● Available data
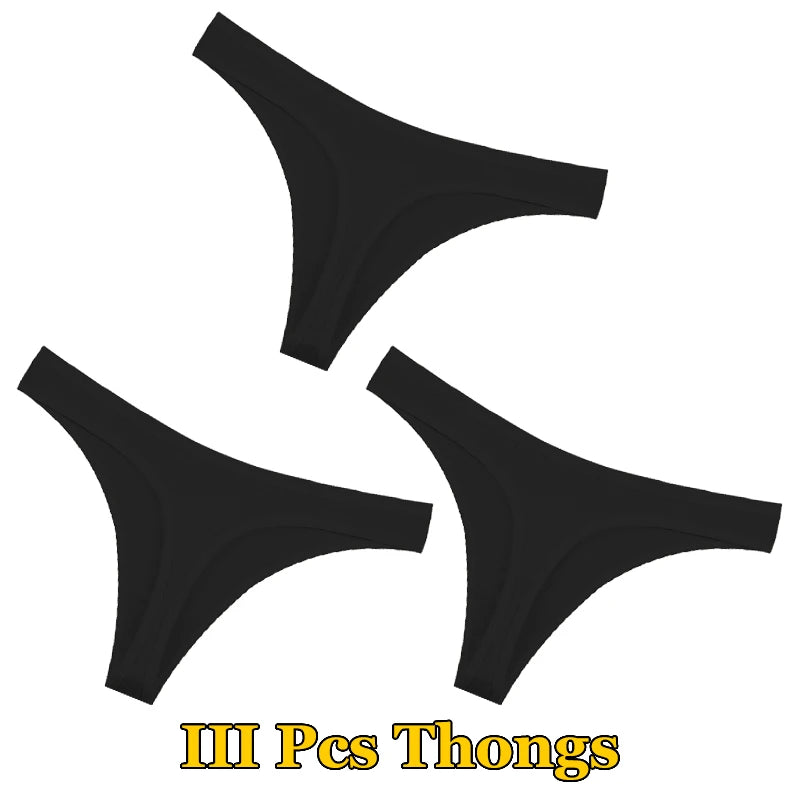 3Pcs Cotton Thongs Pantie Low Waist Comfortable Underwear Breathable G-string Soft Lingerie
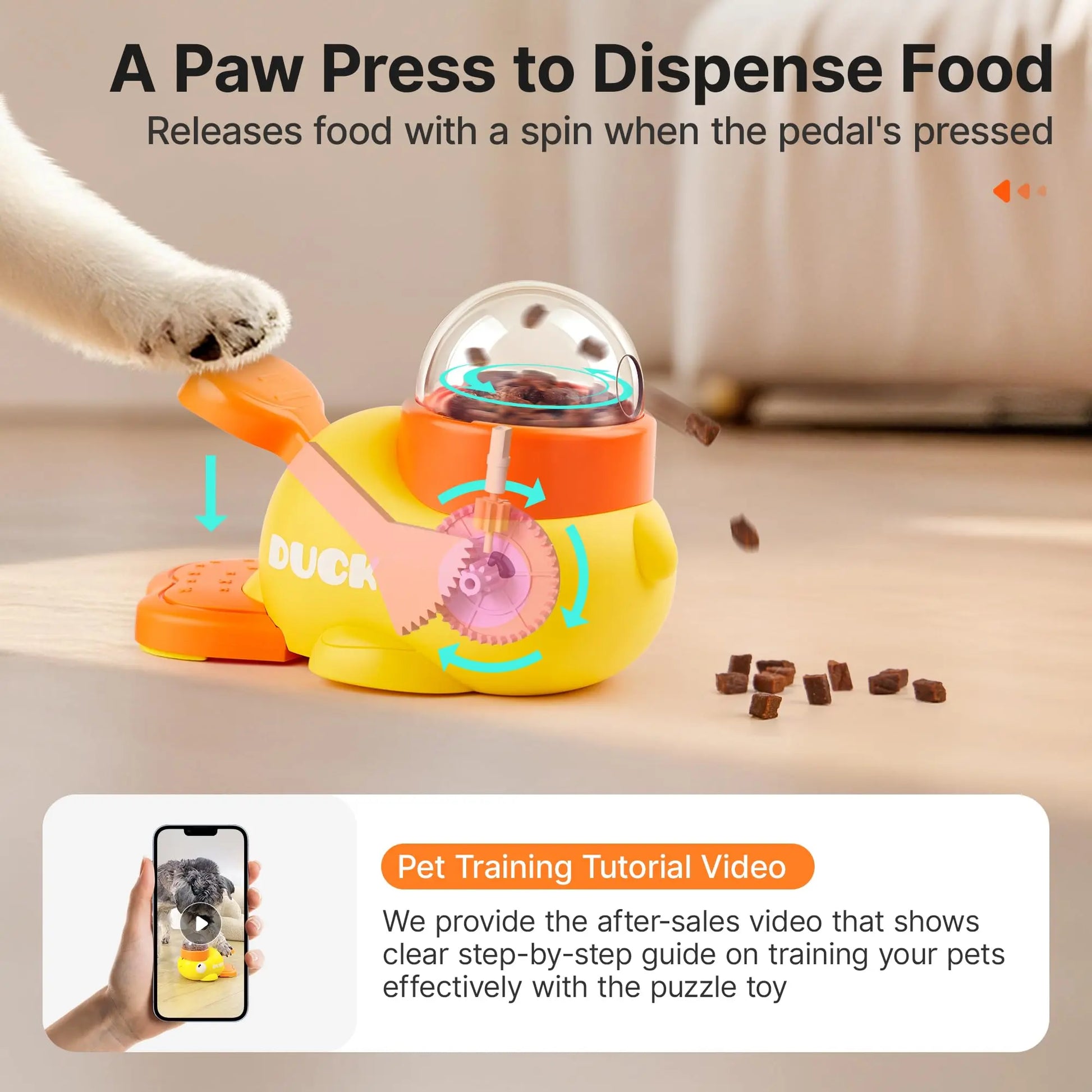 Potaroma Interactive Cat Puzzle Treat Dispenser Toy, Duck-Shaped Food Slow Feeder for Cats and Small Dogs Enrichment, IQ Training and Exercise 8.6 Inches #Summervibes #Petlovers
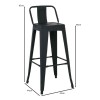 RELIX Bar Stool SH.66cm w/Back Metal Black Matte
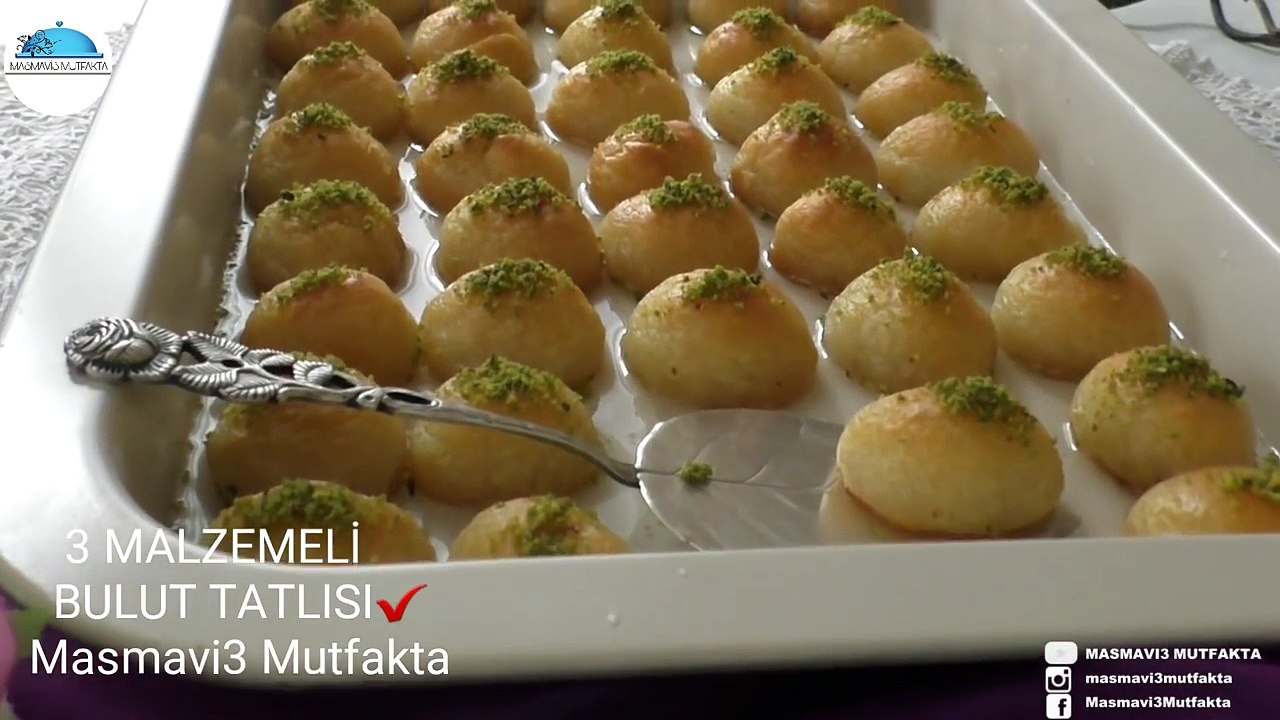 3 Malzemeyle öyle bir Tatlı Yaptımki Tadına DoyulmuyorŞahane Bulut Tatli Tarifi➡ Masmavi3Mutfakta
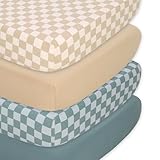 The Peanutshell Baby Organic Bassinet Sheets 4-Pack for Boy or Girl - Ultra Soft & Rectangle Unisex Baby Sheet, 100% Jersey Cotton, Fitted Covers for Crib, Halo Bassinet Mattress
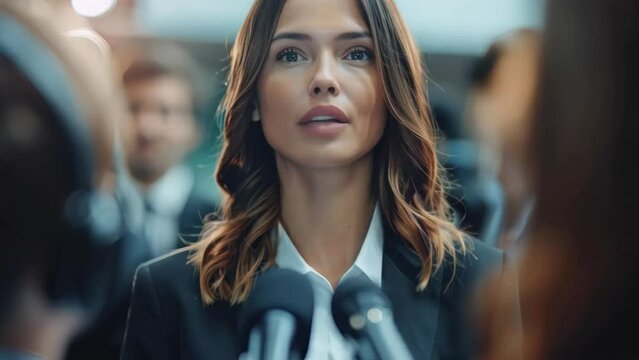 Businesswoman politician business interview street political advertisement ad campaign upcoming elections cameras recording microphones ask questions journalists media coverage reporters live stream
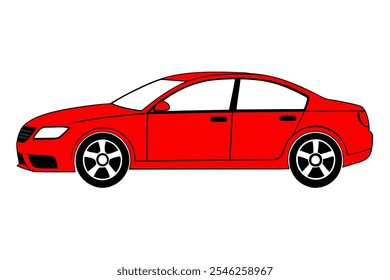 Un hermoso Arte vectorial de coche en ilustración de fondo blanco. 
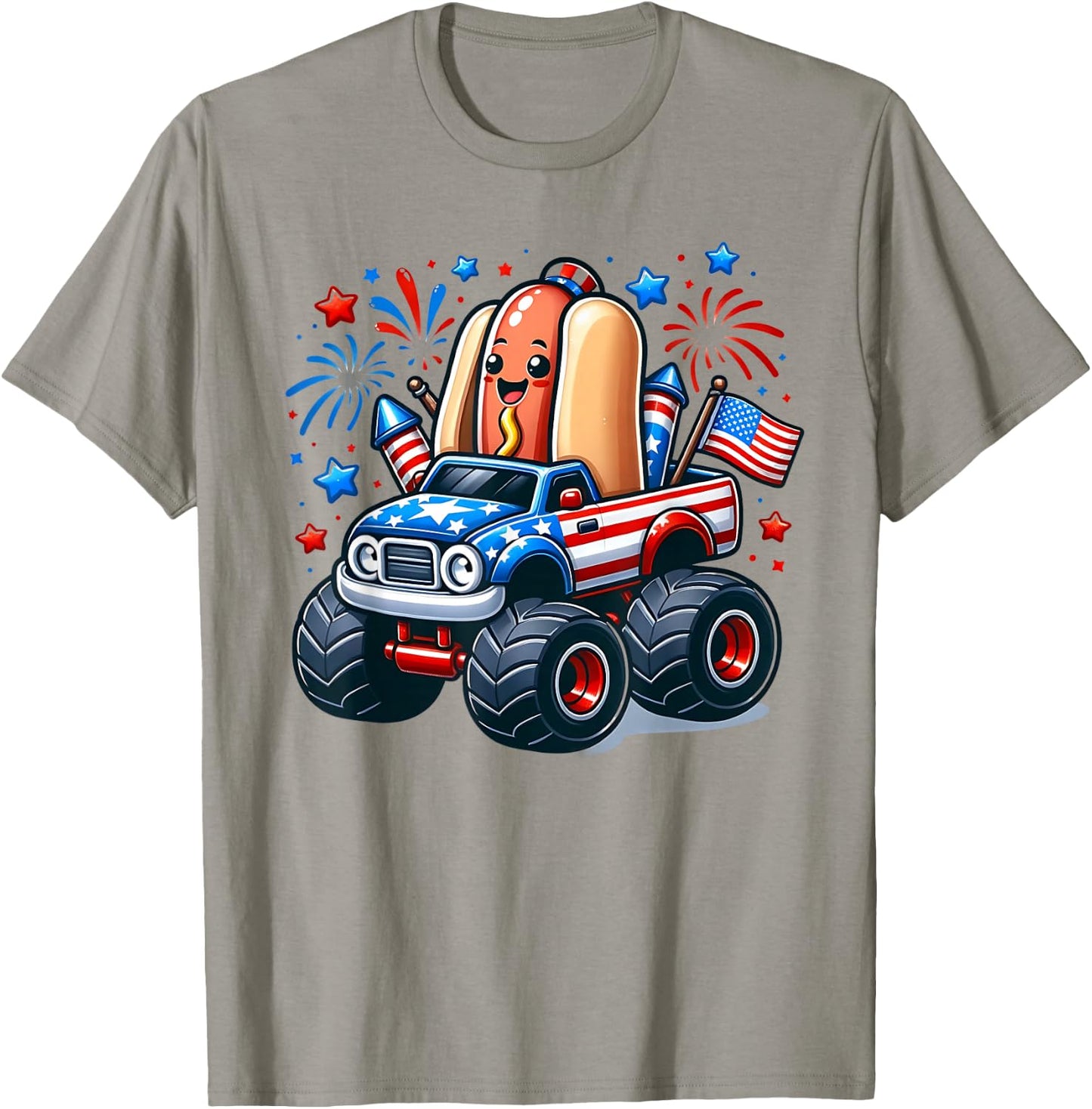 4th of July Shirts Boys Kids Hot Dog Red White Blue USA Flag T-Shirt - T-Shirt | Sand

● Task objective
In the records above, find the line with "RELIX Bar Stool" and the line with "The Peanutshell Baby". Write out exactly those lines and every one between, with no pictures and no other lines.

● Exercise response
 RELIX Bar Stool SH.66cm w/Back Metal Black Matte
 3 Malzemeyle öyle bir Tatlı Yaptımki Tadına DoyulmuyorŞahane Bulut Tatli Tarifi➡ Masmavi3Mutfakta
 The Peanutshell Baby Organic Bassinet Sheets 4-Pack for Boy or Girl - Ultra Soft & Rectangle Unisex Baby Sheet, 100% Jersey Cotton, Fitted Covers for Crib, Halo Bassinet Mattress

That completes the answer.